This picture
shows 5 people playing a game in which the players have to pass the ball to the third person after them in the direction of the arrow. The game starts with Louis.
So in the first round Louis passes the ball to Thomas .
In the second round Thomas passes the ball to Michaelle.
In the 99th round who will the ball end up ?
I have read on the answers section that the answer is worked out by finding the LCM of three and five.
Which is fifteen.And that the ball will be with Louis every fifth round.
I'm not sure how they reached that conclusion . Why does the LCM matter?
Edit
So we have 3 times table :3,6,9,12,15 And 5 times table 5,10,15,15
And the LCM is 15
From this how do we deduce that the ball will be with Louise every fifth round?
Also hoe can I use modular arithmetic to solve this? What I did was 3*98=294 . The 294 =4 |mod5| But that answer is wrong. The correct answer is Mark.

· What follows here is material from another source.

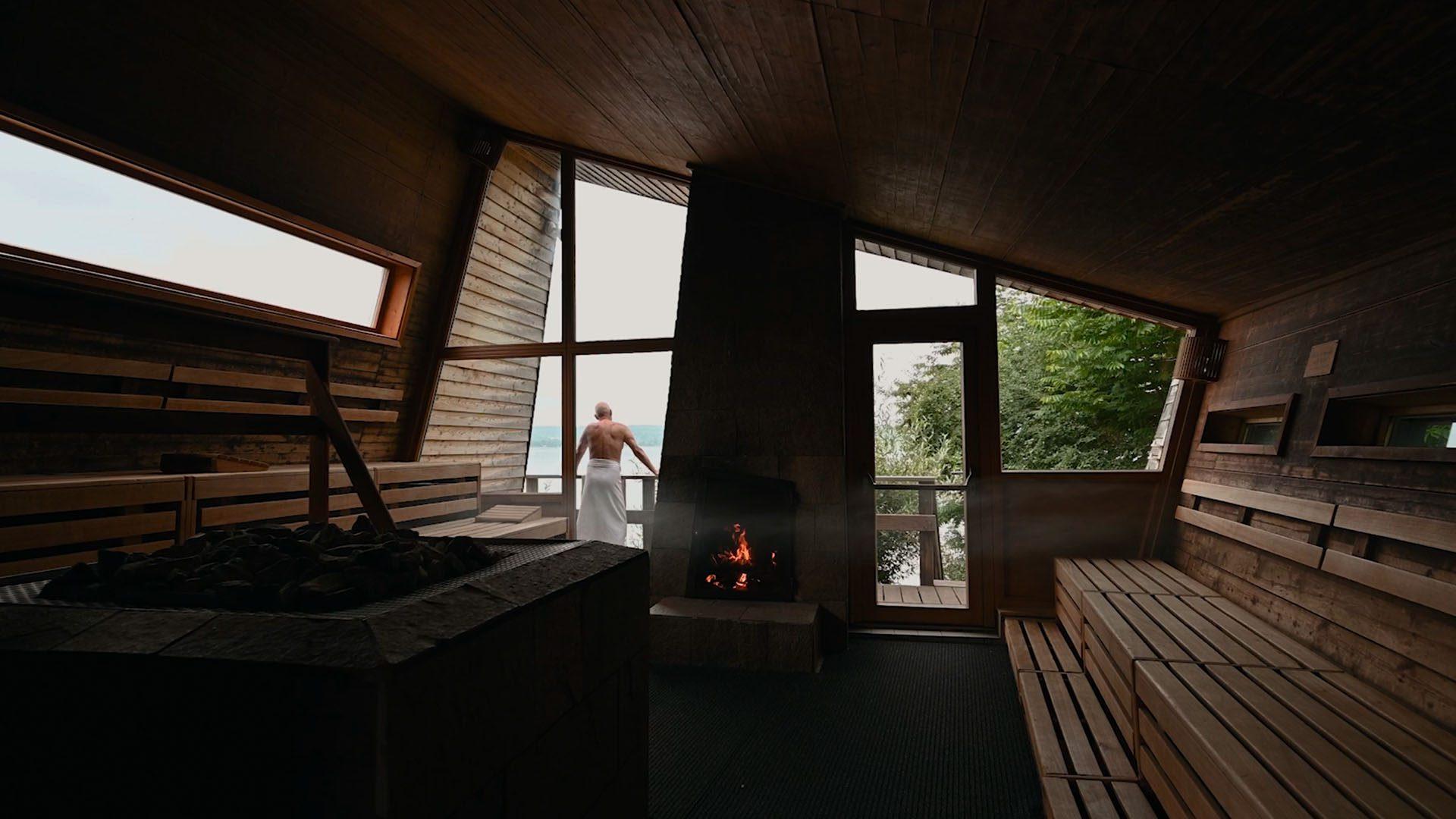 Mann steht vor Panorama Sauna und schaut auf den Bodensee – Szene aus einem Imagefilm für die Therme Überlingen in Kooperation mit b.lateral, produziert von Charlie Grashoff - The C/A Studio, Videoproduktion in Leipzig. Projekte deutschlandweit. Imagefilme, Corporate Videos, Brandfilme, Eventfilme, Industriefilme & mehr.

The first question to ask yourself is, "How many rounds does it take for the ball to get back to Louis?" Suppose that Louis is at position $0$. If we just keep adding $3$ every time the ball is passed, it will get back to Louis for the first time when that number is divisible by $5$. This is where the LCM comes in. $\text{LCM}(3,5)=15,$ so the ball gets back to Louis after $5$ passes. So it will be back to Louis after $95$ passes, and we just need to know where it will be after $4$ more passes. If we add $3$ four times we get $12$ which is congruent to $2$ modulo $5$, and the ball is at position $2,$ that is with Mark.